* Task brief
From the material below, reproduce exactly the stretch of lines that begins with the line holding "Galaxy Z Flip" and ends with the line holding "BMW 118, 2.0 l., hatchback", skipping the pictures.

(Beginning of Data records)

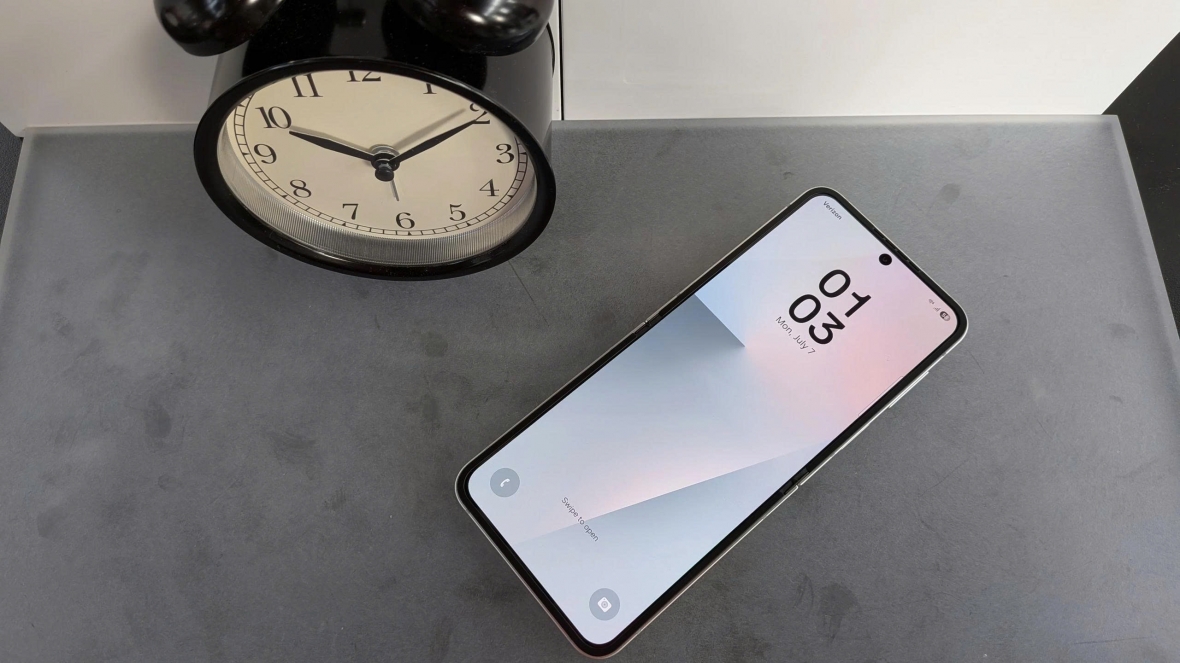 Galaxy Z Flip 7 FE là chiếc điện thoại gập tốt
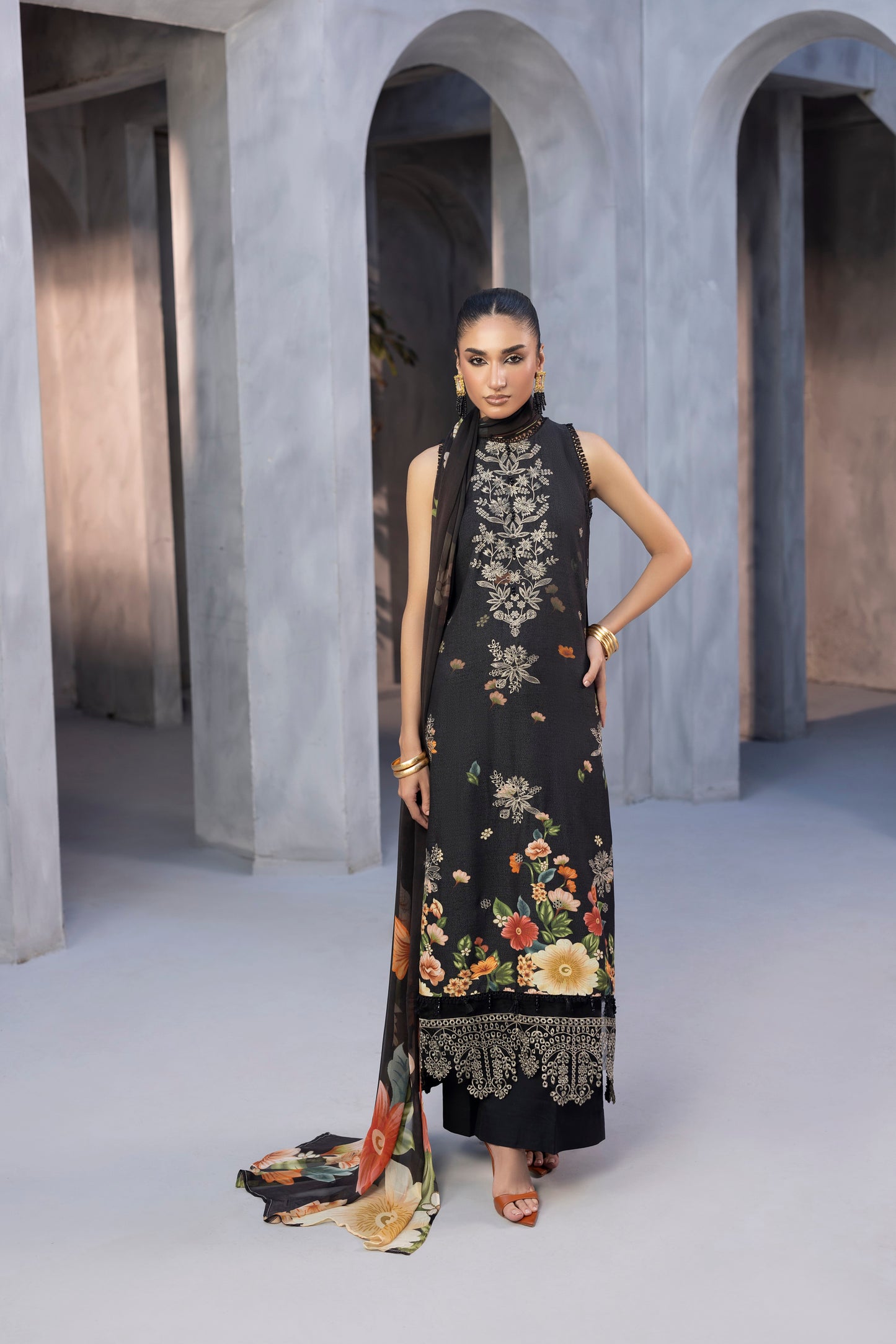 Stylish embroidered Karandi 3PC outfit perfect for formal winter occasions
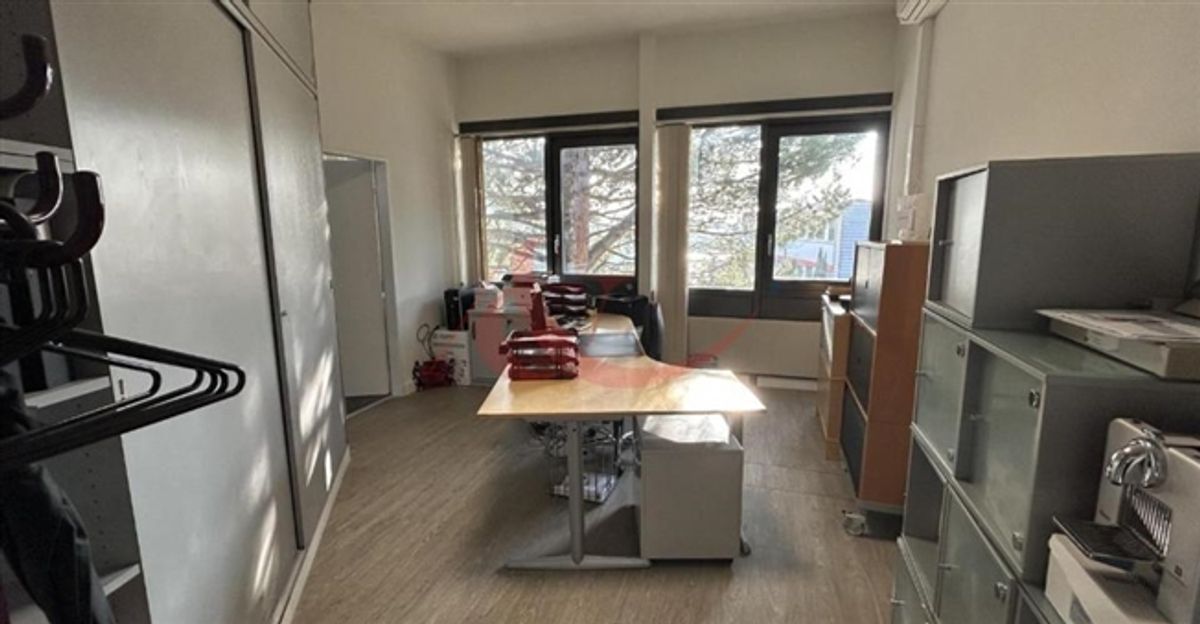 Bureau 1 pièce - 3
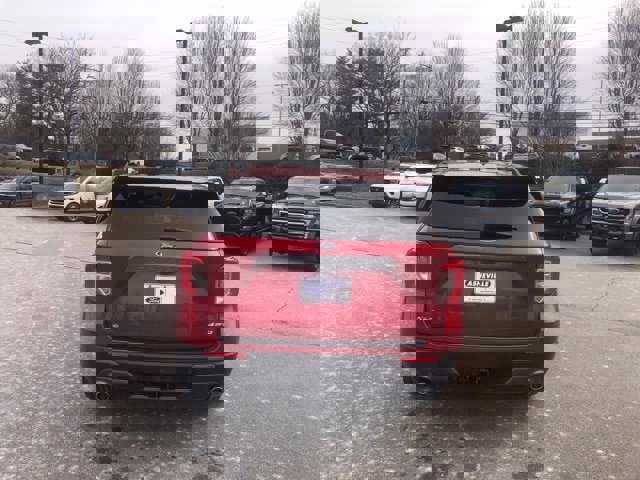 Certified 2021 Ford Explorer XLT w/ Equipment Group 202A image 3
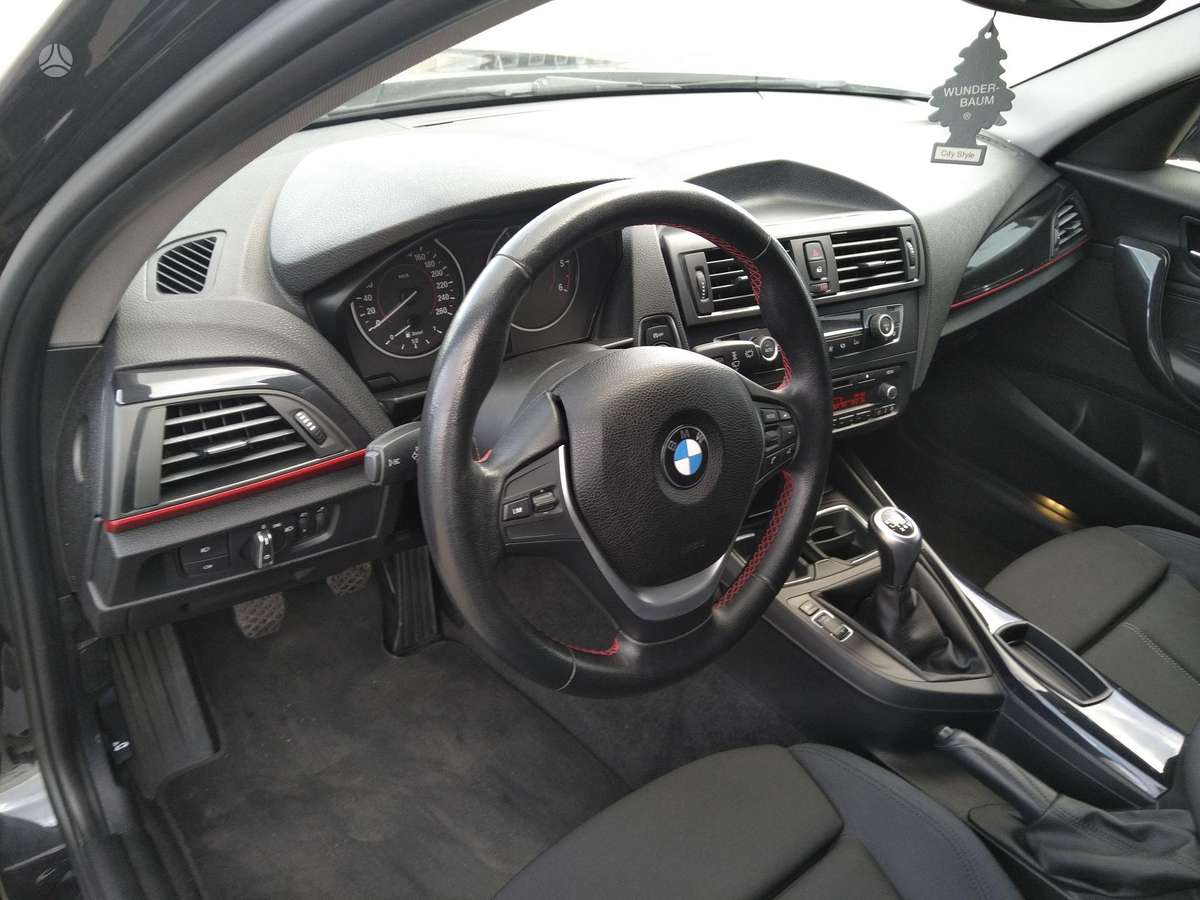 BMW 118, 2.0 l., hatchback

(End of Data records)
(Beginning of Data records)

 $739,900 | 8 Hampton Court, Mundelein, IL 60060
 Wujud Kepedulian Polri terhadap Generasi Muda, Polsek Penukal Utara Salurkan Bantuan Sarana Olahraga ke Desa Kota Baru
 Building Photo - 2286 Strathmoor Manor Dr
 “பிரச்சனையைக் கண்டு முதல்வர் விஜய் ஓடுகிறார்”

(End of Data records)

* Response box
 Galaxy Z Flip 7 FE là chiếc điện thoại gập tốt
 Stylish embroidered Karandi 3PC outfit perfect for formal winter occasions
 Bureau 1 pièce - 3
 Certified 2021 Ford Explorer XLT w/ Equipment Group 202A image 3
 BMW 118, 2.0 l., hatchback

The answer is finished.